Image-text web data

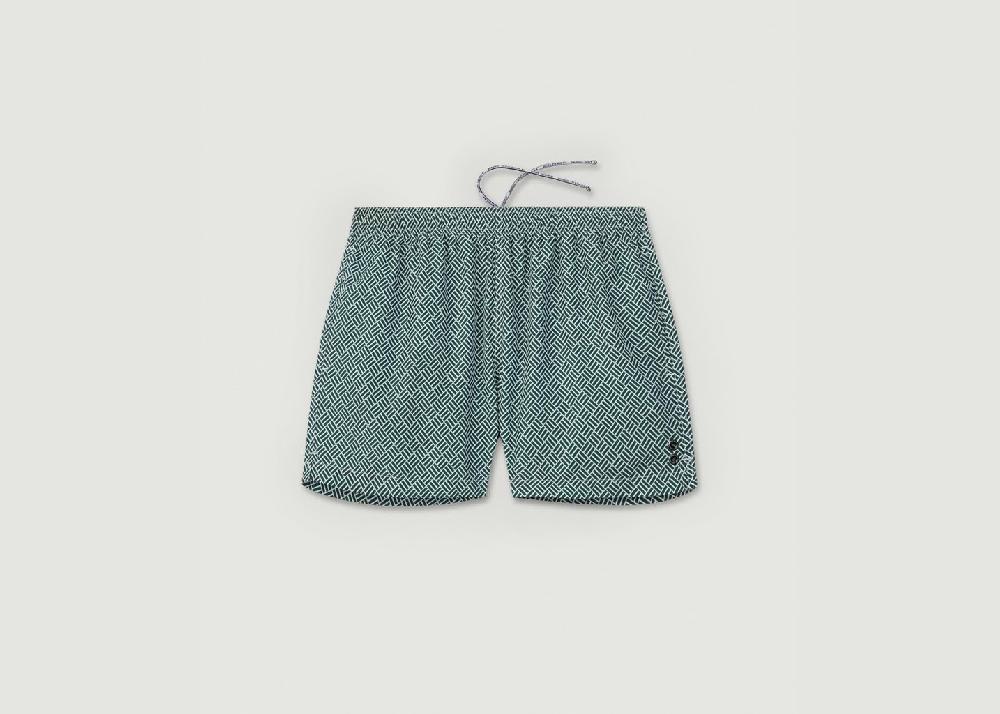 L'exception Short De Bain Vert Sapin Ron Dorff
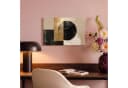 OneMillionCanvasses® Leinwandbild Abstrakt Modern Schwarz Gold Fotodruck 30x20 cm Bild 4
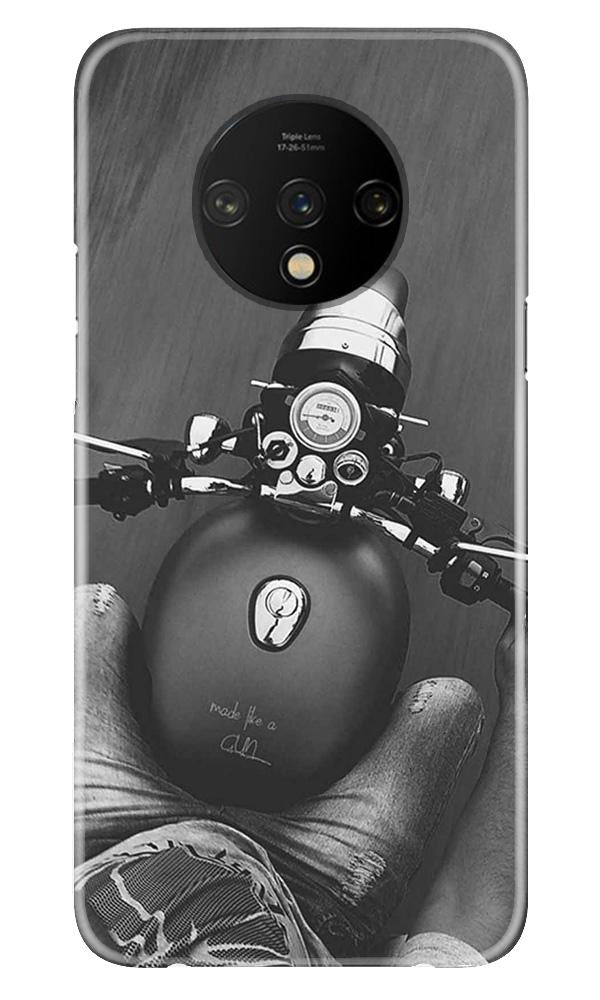 Royal Enfield Mobile Back Case for OnePlus 7T(Design - 382)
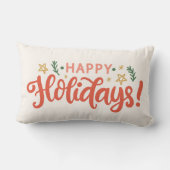 フェスティバルハッピーホリデーズデザイン ランバークッション (裏面)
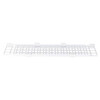 Protective grille for windows, top/bottom, 75–125 × 16 cm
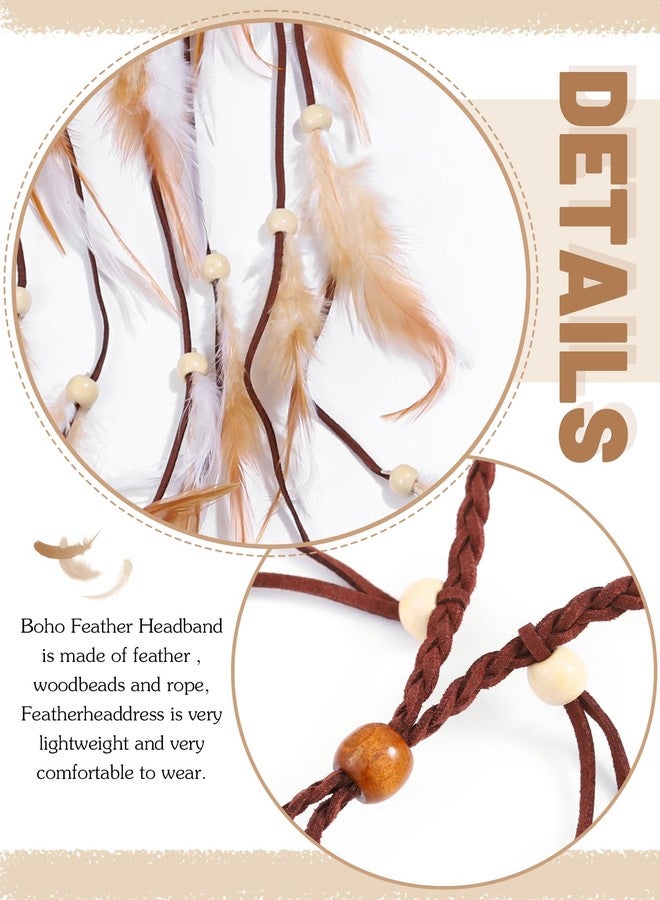 كامبسيس طوق رأس من الريش بتصميم بوهيمي مستوحى من أزياء الغجر والهنود، إكسسوار شعر للنساء - Image 5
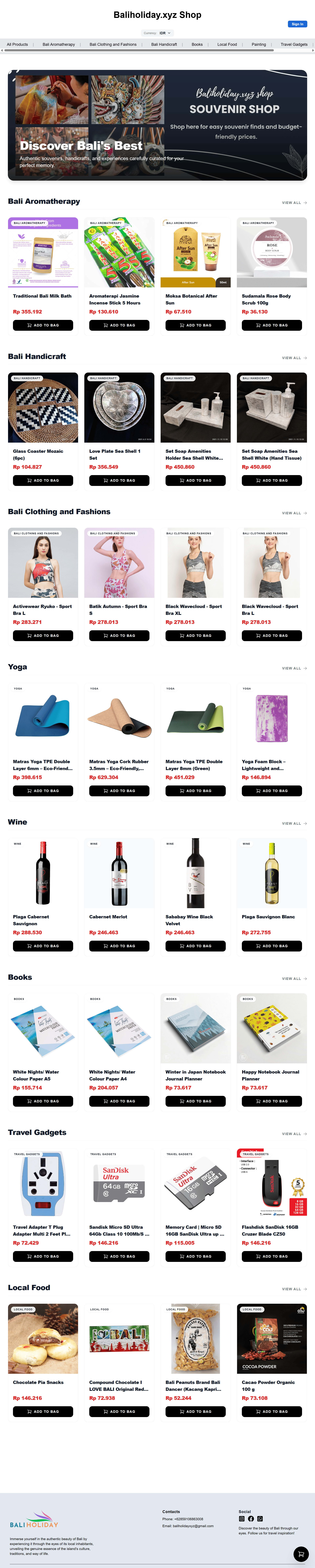Authentic Bali Souvenir Marketplace – BaliHoliday Shop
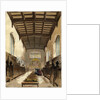 Interior of St John's College Chapel, Cambridge, Cambridgeshire by Anonymous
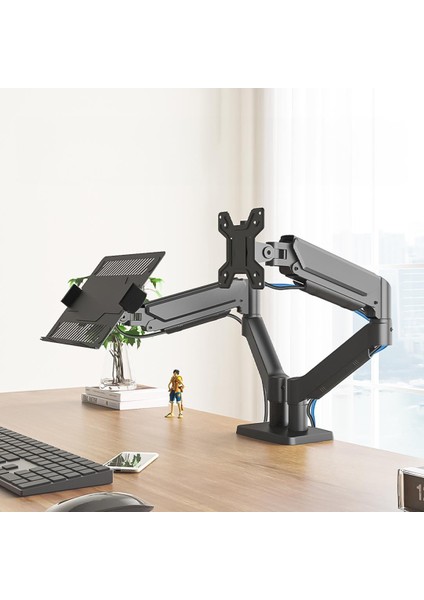 Powermaster PM-252D-J 13-32 Inç Amortisörlü Stand Çift Kol LCD LED Gaming Monitör Laptop Notebook Tutucu Masa Askı Aparatı fiyatları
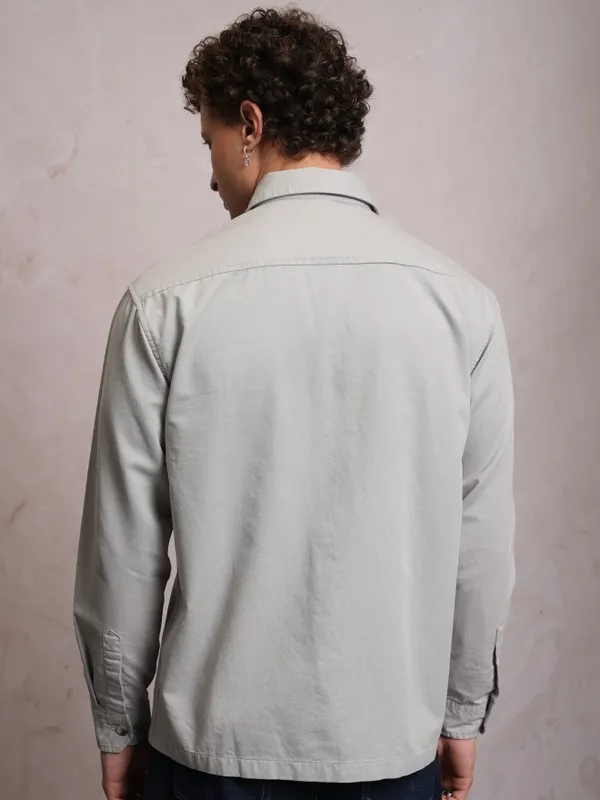Men Oversized Fit Casual Shirt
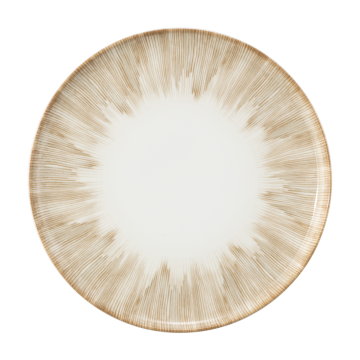 Teller flach 27,5 cm Sento Radiate Beige 58413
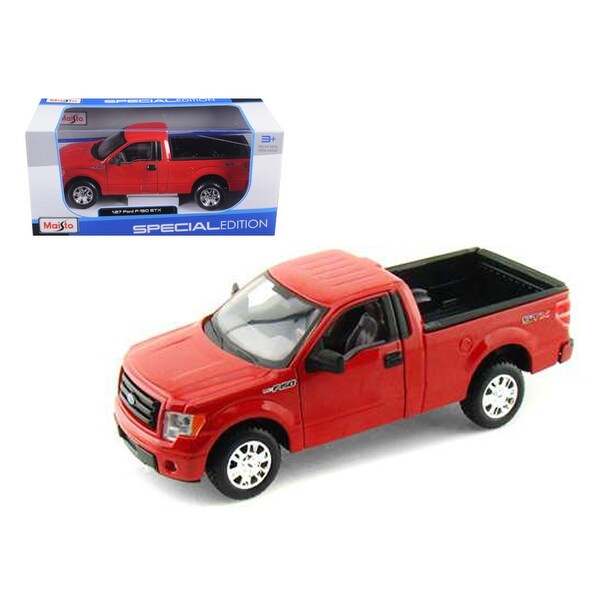 diecast red pickup truck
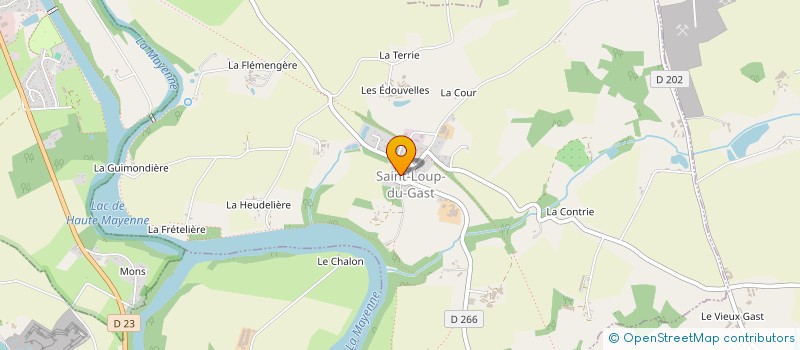 localisation de l'entreprise ASSOCIATION DU COMITE D'ANIMATION DES 3 RIVIERES  SAINT-LOUP-DU-GAST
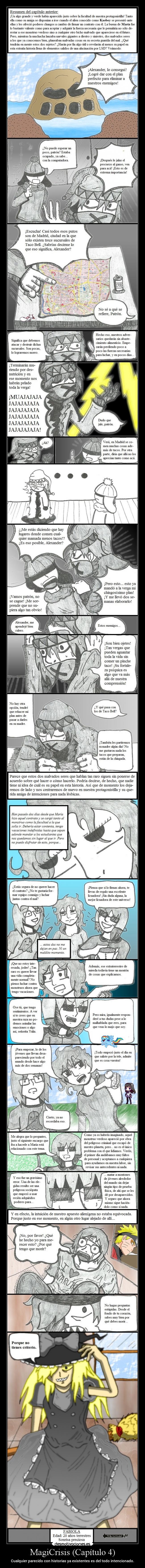 carteles anime extraterrestrial magical nonsense 558 magicrisis capitulo4 desmotivaciones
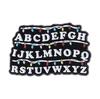 Sci-fi Horror Movies Brooch Enamel Pins Red Cannibal Flowers 26 English Letter Brooches Backpack Lapel Badge Jewelry Gift New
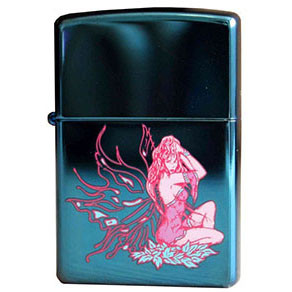 Зажигалка Zippo 20446 Sapphire Fluttering Fairy 24065  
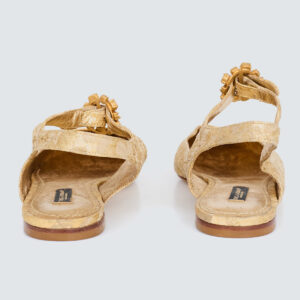 Slingback Dolce & Gabbana Dourado Tam. 37 BR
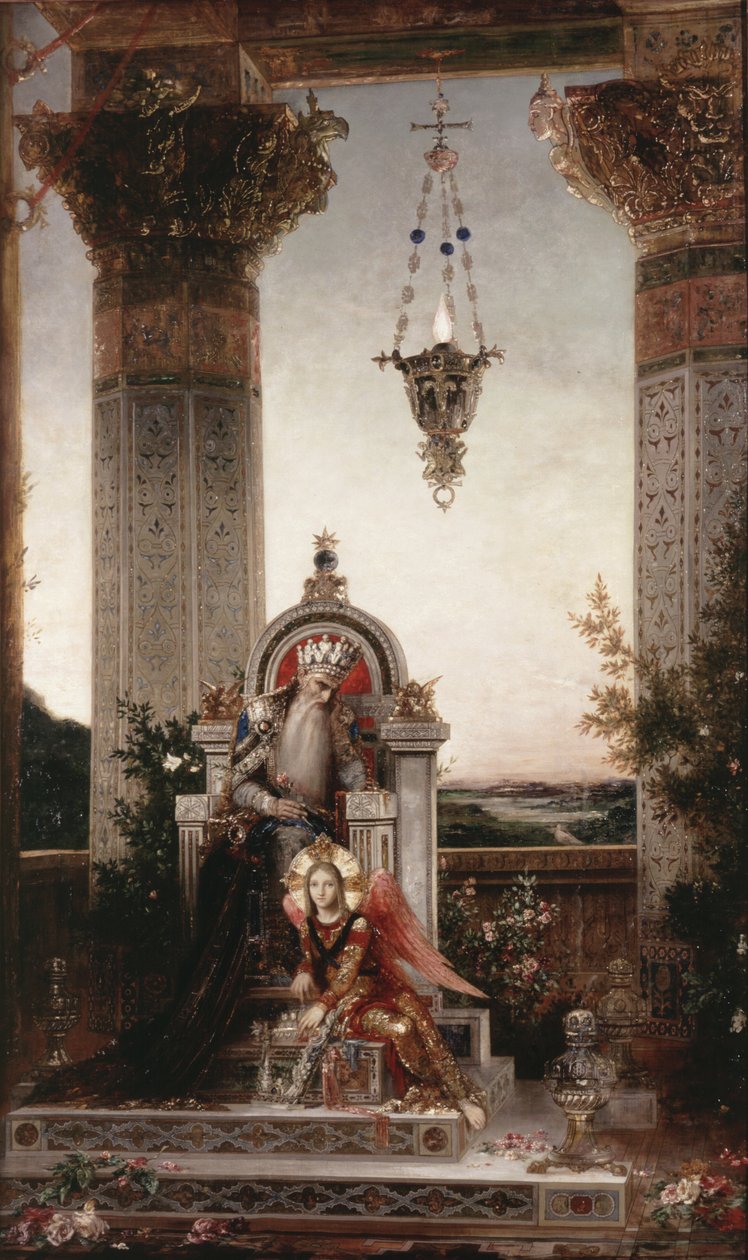 Král David od Gustave Moreau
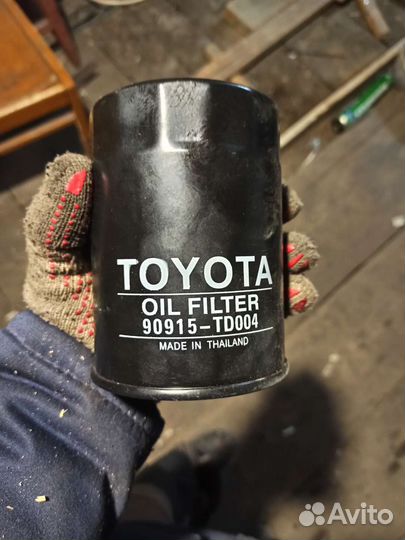 Фильтр масляный toyota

# WORK ORDER:
All lines above starting at the one with "كامبسيس طوق رأس" and ending at the one with "diecast red pickup truck", inclusive, are to be printed again exactly, with the pictures left out.

# RESULT:
 كامبسيس طوق رأس من الريش بتصميم بوهيمي مستوحى من أزياء الغجر والهنود، إكسسوار شعر للنساء - Image 5
Authentic Bali Souvenir Marketplace – BaliHoliday Shop
 Interior of St John's College Chapel, Cambridge, Cambridgeshire by Anonymous
 Powermaster PM-252D-J 13-32 Inç Amortisörlü Stand Çift Kol LCD LED Gaming Monitör Laptop Notebook Tutucu Masa Askı Aparatı fiyatları
Men Oversized Fit Casual Shirt
 Teller flach 27,5 cm Sento Radiate Beige 58413
 diecast red pickup truck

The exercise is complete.